Understanding Super-Successful Young Business Owners

By Rieva Lesonsky

I love hearing about, meeting and learning from young entrepreneurs—they never fail to inspire me. That’s why I was so excited to learn about a new global study spotlighting a new breed of business owner: the “millennipreneurs.”

Aged 20 to 35 years, millennipreneurs are more successful, running more profitable companies and helming bigger staffs than other generations, according to the 2016 BNP Paribas Global Entrepreneur Report, which polled highly successful, high-net-worth entrepreneurs around the world. Here are some ways millennipreneurs differ from their predecessors:

Their companies are more profitable. Nearly six in 10 millennipreneurs in the study expect their profits to increase in the next 12 months, compared to 42 percent of Baby Boomers. Millennipreneurs are also enjoying higher gross profit margins (averaging 29.7 percent).

They’re starting their businesses younger than ever. Compared to Baby Boomers, who launched their first companies at an average of 35 years old, the average millennipreneur starts a company at 31. The study notes that not only has technology made it easier to start a business at a younger age, but it’s also become more widely accepted that young people can be taken seriously as business owners. (Thanks, Mark Zuckerberg.)

They start more businesses.
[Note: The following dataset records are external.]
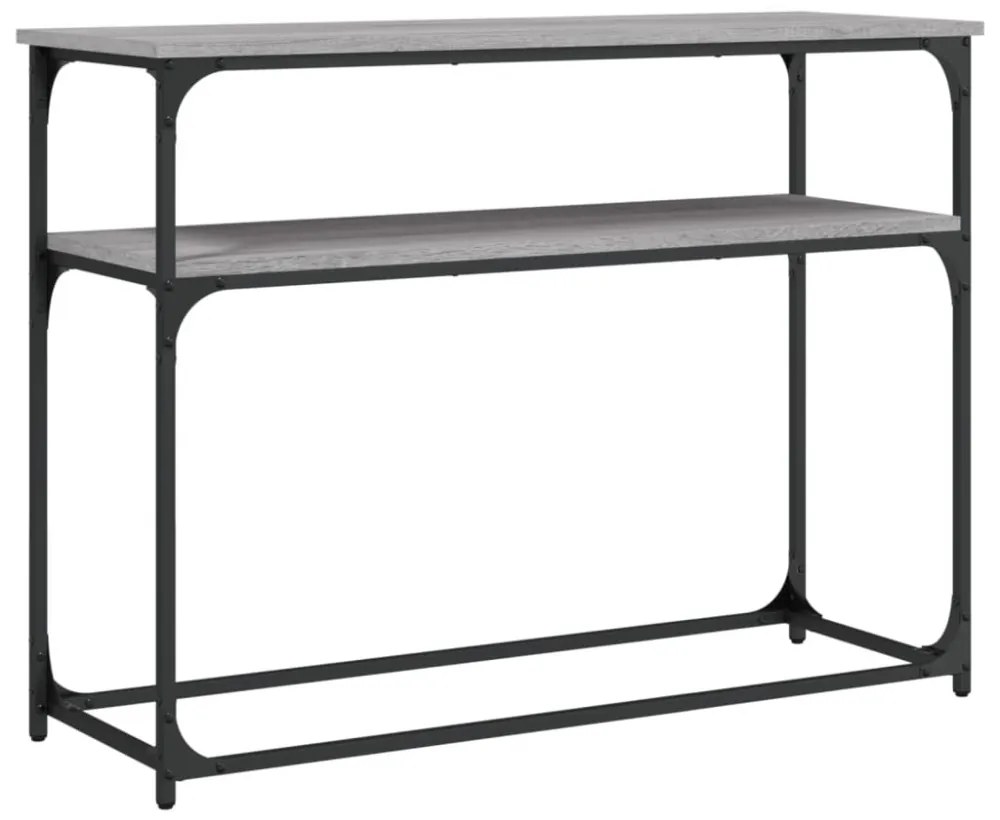 szürke sonoma színű szerelt fa tálalóasztal 100x35,5x75 cm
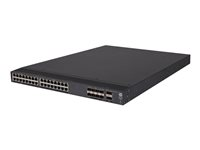 HPE FlexFabric 5700-32XGT-8XG-2QSFP+ - Switch - L3 - Administrerad - 32 x 10GBase-T + 8 x 10 Gigabit Ethernet SFP+ / 1 Gigabit Ethernet SFP+ + 2 x 40 Gigabit QSFP+ (upplänk) - rackmonterbar JG898A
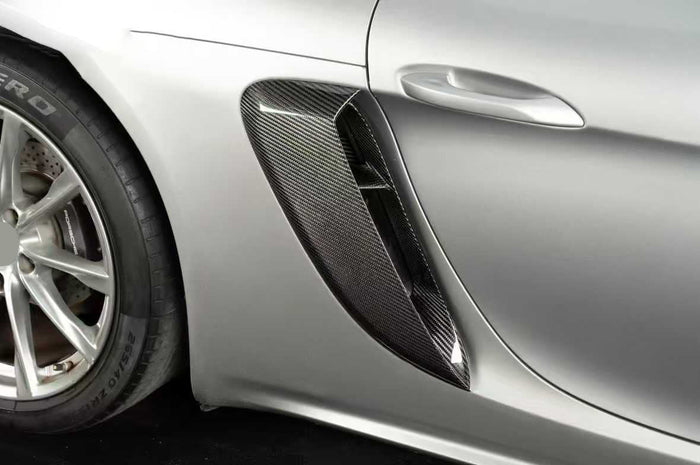 Carbon Fiber Side Fender Vent Air Intake GT4 RS Style Porsche 718 Cayman 2018+
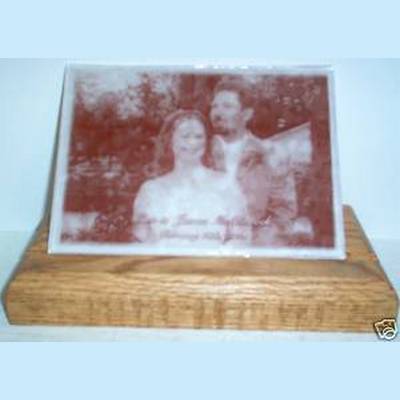 Sepia Toned Photos in Glass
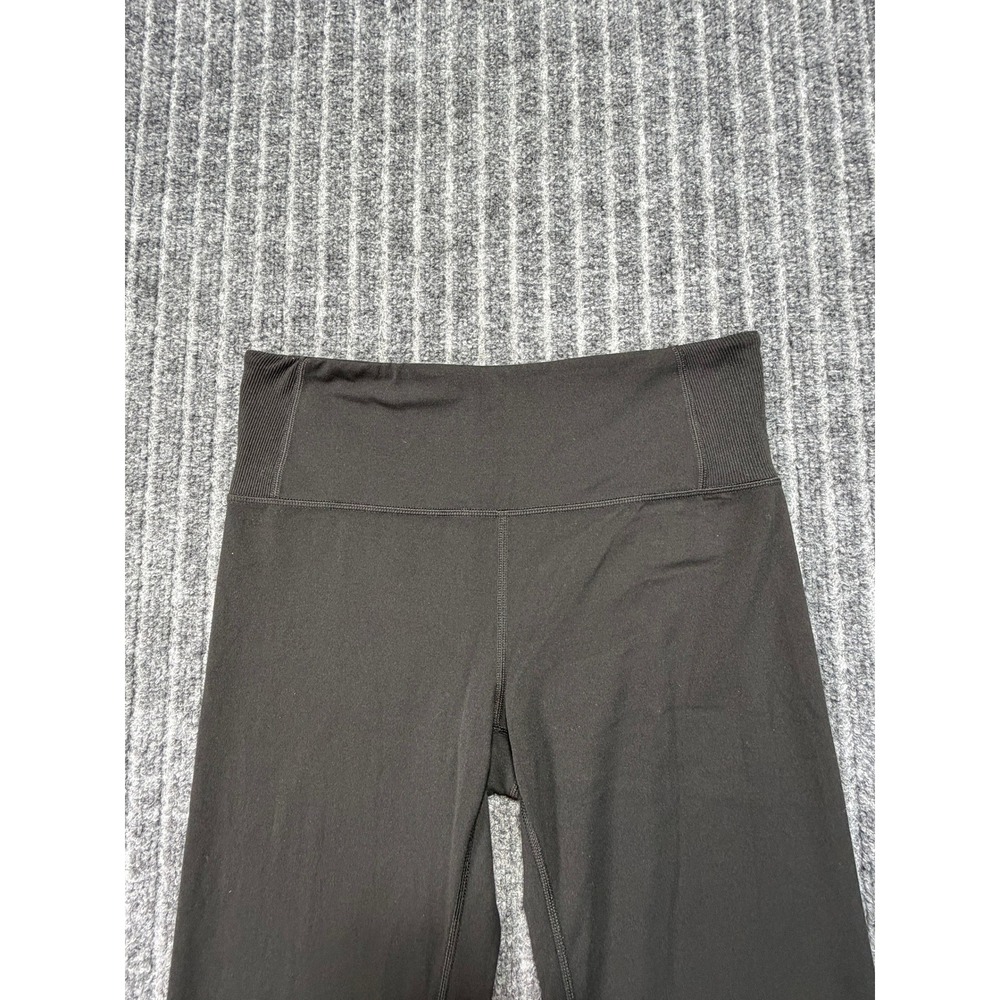 Athleta Elation Flare Pants Womens MT Ribbed Waist Slit Hem Minimalist Sporty - Picture 2 of 6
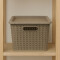 Caja organizadora simil ratán 5L CAPPUCCINO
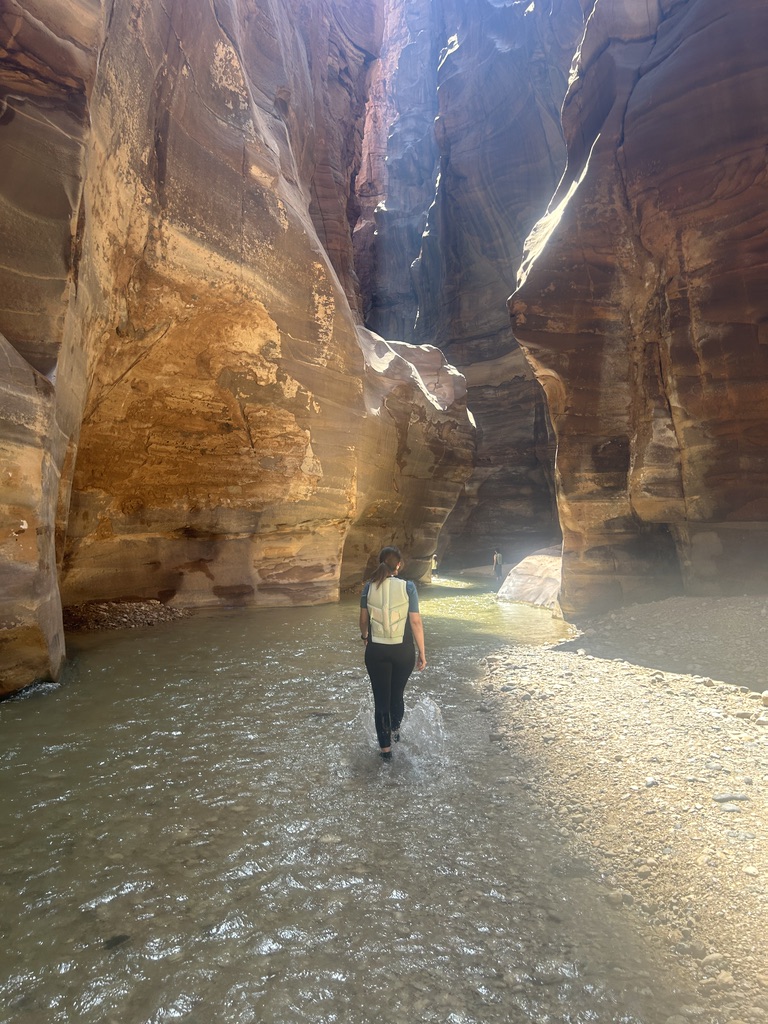 Hiking in Wadi Mujib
The average millennipreneur in the survey has already started almost eight companies, compared to an average of 3.5 for Baby Boomers. Considering that Boomers are at the end of their entrepreneurial careers while millennipreneurs are still in the beginning of theirs, this difference is even more striking. The report’s authors surmise that the greater ease and affordability of starting a business today, thanks to technology, may contribute to the greater number of startups, and that millennipreneurs’ comfort level with failure could also play a role.

Their businesses are bigger. The average staff at a millennipreneur’s business is four times the size of the average Baby Boomer’s staff. One reason: Millenials are more likely to start businesses in ecommerce, retail and technology — industries that generally require a bigger staff than the Baby Boomers’ preferred industries of accounting, consulting and legal services.

They learned from their parents. Fewer than one-fourth of millennipreneurs are first-generation business owners. By comparison, more than half of Baby Boomers were the first in their families to own businesses. Perhaps millennipreneurs are more comfortable with entrepreneurship because they learned from their parents.

They care about giving back. Traditionally entrepreneurs in the Baby Boomer generation grew their companies, became wealthy and only then started pursuing charitable causes. In contrast, “millennipreneurs” are building social responsibility into their companies from the get-go.

Of course, this report focuses on highly successful entrepreneurs, so no wonder the stats are impressive. But there are lessons for all startups here: Aim high, dream big and don’t be afraid to fail.